I have posted my essay Evading the Treaty Power?: The Constitutionality of Nonbinding Agreements (11 Florida Int’l U. L. Rev. 371 (2016)) on SSRN. Here is the abstract:
The U.S. Constitution states that the President can make treaties with the advice and consent of the Senate, provided two thirds of Senators present concur. This high threshold for consent reflects the framers’ concern that treaties not be too easy to make. No one said the President alone could make treaties; many emphasized the contrary. James Wilson, for example, declared that “[n]either the President nor the Senate, solely, can complete a treaty; they are checks upon each other, and are so balanced as to produce security to the people”; Hamilton made similar observations in The Federalist.
In modern times, however, Presidents on their own authority have made international agreements that look much like treaties. 2015 provides two examples. First, the President negotiated an agreement with Iran, China, France, Germany, Russia, Britain, and the European Union regarding Iran’s nuclear development. Known as the Joint Comprehensive Plan of Action (JCPOA) and announced in July 2015, its principal goal was to limit Iran to non-military nuclear development in return for lifting U.S. and international economic sanctions on Iran. Second, the President joined with leaders of over 150 nations to produce the Paris Agreement on climate change, with a final version announced in December 2015. The Agreement attempted to promote and coordinate controls on carbon emissions in response to concerns over human-caused global warming. Both agreements appear to involve substantial commitments by the United States, but neither will depend on approval by the Senate (or Congress).
The President contends that these agreements are nonbinding under international law and so can be made on the President’s sole constitutional authority. This essay assesses that claim. It generally agrees with the President’s basic proposition but raises concerns about the application of that proposition to the Iran and Paris Agreements. It concludes that without adequate safeguards this approach can provide the President with substantial ability to evade the constitutional checks on the treaty-making power.
Put a little more strongly, I think the Iran agreement and the Paris agreement are both of dubious constitutionality on these grounds. The issue is difficult, however, because the pure view that all international agreements must be made through the treaty making power is, in my assessment, wrong. Both executive agreements and nonbinding agreements are part of the President’s power under the Constitution’s original understanding, as I explain in the essay. Thus the challenge is identifying when they go too far.

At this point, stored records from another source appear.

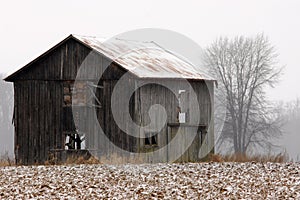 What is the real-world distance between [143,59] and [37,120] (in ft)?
19.2

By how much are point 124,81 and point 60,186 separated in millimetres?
11697

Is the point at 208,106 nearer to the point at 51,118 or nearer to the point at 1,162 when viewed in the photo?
the point at 51,118

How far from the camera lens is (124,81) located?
2902cm

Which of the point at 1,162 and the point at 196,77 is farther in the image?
the point at 196,77

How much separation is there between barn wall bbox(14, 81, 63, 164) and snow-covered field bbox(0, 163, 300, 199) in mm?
6693

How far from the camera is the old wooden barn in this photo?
95.0ft

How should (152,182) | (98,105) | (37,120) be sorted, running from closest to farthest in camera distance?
(152,182)
(98,105)
(37,120)

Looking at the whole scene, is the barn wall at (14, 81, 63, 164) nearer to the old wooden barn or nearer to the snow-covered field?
the old wooden barn

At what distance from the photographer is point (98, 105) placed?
29.4 metres

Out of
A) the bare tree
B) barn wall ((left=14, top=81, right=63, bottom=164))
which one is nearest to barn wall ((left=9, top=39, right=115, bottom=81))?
barn wall ((left=14, top=81, right=63, bottom=164))

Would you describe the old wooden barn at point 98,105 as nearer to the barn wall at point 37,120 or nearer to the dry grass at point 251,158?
the barn wall at point 37,120

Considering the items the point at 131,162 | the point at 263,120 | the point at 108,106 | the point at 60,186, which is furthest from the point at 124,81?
the point at 263,120

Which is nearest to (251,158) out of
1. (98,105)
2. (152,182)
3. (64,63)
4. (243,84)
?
(98,105)

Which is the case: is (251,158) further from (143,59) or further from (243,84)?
(243,84) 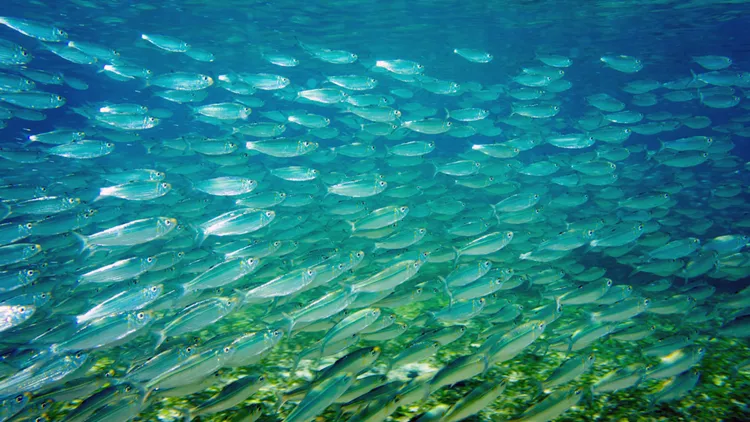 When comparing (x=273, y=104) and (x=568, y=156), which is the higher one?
(x=568, y=156)

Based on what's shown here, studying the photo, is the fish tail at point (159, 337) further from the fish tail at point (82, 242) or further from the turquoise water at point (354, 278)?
the fish tail at point (82, 242)

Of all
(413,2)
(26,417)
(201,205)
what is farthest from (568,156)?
(413,2)

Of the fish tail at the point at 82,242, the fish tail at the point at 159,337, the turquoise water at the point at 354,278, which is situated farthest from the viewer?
the fish tail at the point at 82,242

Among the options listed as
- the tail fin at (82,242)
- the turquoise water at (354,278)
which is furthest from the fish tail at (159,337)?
the tail fin at (82,242)

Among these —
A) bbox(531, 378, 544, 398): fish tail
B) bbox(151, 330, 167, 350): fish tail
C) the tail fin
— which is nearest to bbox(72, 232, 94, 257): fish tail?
the tail fin

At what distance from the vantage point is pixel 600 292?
225 inches

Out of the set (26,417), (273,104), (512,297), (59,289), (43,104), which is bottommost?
(273,104)

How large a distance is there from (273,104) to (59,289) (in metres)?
84.6

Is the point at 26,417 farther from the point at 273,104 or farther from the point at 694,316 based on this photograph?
the point at 273,104

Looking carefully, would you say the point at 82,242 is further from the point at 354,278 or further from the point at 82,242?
the point at 354,278

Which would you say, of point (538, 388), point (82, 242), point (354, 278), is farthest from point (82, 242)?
point (538, 388)

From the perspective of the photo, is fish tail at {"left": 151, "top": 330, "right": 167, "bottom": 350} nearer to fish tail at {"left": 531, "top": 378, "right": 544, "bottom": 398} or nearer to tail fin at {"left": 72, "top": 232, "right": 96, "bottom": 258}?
tail fin at {"left": 72, "top": 232, "right": 96, "bottom": 258}

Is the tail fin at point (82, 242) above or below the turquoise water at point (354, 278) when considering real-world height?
above

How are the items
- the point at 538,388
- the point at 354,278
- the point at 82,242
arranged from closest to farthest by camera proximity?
1. the point at 538,388
2. the point at 354,278
3. the point at 82,242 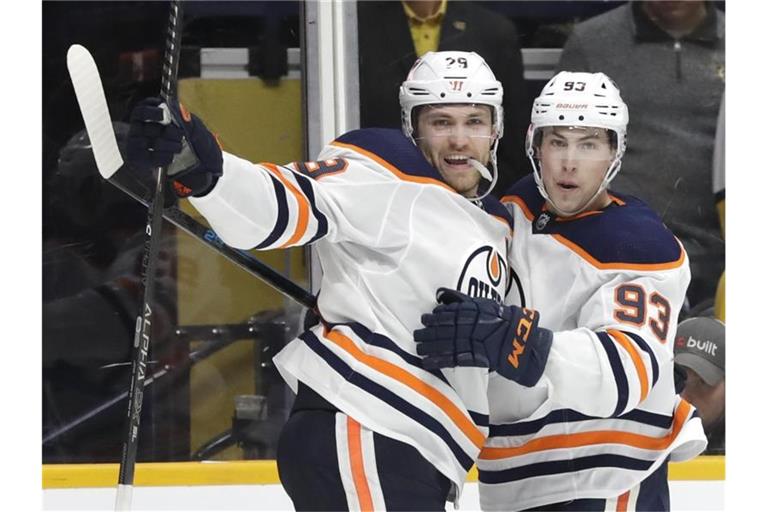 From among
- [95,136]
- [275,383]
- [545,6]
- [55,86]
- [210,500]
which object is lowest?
[210,500]

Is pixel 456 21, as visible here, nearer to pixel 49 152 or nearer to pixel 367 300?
pixel 49 152

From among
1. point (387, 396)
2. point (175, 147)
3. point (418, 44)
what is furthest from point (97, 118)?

For a different perspective on the Paris agreement, see this important new article by Daniel Bodansky and Peter Spiro, noted here. (They think of the agreement as implicitly approved by Congress, rather than (as I do) a sole executive agreement whose main commitments are nonbinding.) My view is, I think, consistent with the way the State Department thought about the agreement (the Department worked hard to make the material commitments nonbinding), though perhaps not the way the Department should have thought about the agreement.